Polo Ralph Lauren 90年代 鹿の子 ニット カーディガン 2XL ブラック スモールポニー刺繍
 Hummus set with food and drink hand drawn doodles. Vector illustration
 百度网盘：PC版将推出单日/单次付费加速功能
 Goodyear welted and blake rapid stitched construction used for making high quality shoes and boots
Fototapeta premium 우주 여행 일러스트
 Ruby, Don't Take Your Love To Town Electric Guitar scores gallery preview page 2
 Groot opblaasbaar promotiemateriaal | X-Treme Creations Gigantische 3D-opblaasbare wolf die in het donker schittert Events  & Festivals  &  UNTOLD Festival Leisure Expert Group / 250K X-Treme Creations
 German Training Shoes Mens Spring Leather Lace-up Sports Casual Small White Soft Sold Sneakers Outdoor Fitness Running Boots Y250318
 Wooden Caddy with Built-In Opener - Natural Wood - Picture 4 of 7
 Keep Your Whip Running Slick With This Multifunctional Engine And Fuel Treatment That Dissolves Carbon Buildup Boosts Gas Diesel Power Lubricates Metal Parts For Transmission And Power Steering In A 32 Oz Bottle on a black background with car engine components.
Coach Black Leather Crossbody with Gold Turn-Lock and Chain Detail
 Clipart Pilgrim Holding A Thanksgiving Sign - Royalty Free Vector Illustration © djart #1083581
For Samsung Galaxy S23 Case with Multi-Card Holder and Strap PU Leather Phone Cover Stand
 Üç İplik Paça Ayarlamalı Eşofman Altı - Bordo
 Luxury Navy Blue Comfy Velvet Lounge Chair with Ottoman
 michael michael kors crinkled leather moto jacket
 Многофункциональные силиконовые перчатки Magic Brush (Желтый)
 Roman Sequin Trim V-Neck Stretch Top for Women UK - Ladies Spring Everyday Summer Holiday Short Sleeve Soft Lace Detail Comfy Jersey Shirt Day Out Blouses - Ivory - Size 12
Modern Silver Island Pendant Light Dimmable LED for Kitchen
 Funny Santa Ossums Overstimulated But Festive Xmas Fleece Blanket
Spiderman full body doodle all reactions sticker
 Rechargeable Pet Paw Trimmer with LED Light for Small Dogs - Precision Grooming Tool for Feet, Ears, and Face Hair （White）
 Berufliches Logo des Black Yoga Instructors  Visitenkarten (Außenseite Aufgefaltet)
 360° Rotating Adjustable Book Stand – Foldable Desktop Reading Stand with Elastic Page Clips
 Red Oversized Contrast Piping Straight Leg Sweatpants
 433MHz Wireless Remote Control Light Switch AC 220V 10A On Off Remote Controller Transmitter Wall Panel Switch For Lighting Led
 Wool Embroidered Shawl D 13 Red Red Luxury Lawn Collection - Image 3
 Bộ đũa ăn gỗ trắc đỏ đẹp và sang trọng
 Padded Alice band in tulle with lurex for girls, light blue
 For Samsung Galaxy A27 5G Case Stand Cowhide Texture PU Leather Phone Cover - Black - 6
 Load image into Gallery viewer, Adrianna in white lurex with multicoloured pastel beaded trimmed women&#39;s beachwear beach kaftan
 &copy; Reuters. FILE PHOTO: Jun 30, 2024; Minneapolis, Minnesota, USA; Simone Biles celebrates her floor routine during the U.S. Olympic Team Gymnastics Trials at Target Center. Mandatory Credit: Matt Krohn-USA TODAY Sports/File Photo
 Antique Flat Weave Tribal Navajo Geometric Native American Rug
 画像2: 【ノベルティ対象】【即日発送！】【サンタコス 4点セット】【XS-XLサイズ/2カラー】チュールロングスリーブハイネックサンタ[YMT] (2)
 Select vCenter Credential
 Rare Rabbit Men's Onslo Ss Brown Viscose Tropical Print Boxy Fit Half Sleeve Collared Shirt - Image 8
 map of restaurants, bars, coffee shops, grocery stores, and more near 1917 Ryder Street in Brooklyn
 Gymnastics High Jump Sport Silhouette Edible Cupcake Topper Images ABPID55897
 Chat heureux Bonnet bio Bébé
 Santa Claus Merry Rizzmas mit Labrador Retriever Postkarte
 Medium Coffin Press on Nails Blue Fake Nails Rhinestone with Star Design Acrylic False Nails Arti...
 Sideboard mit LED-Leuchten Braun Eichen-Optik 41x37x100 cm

++++++++++

The assignment is to restate, word for word, each line from the one containing "Gymnastics High Jump" through the final line of the material above.

 Gymnastics High Jump Sport Silhouette Edible Cupcake Topper Images ABPID55897
 Chat heureux Bonnet bio Bébé
 Santa Claus Merry Rizzmas mit Labrador Retriever Postkarte
 Medium Coffin Press on Nails Blue Fake Nails Rhinestone with Star Design Acrylic False Nails Arti...
 Sideboard mit LED-Leuchten Braun Eichen-Optik 41x37x100 cm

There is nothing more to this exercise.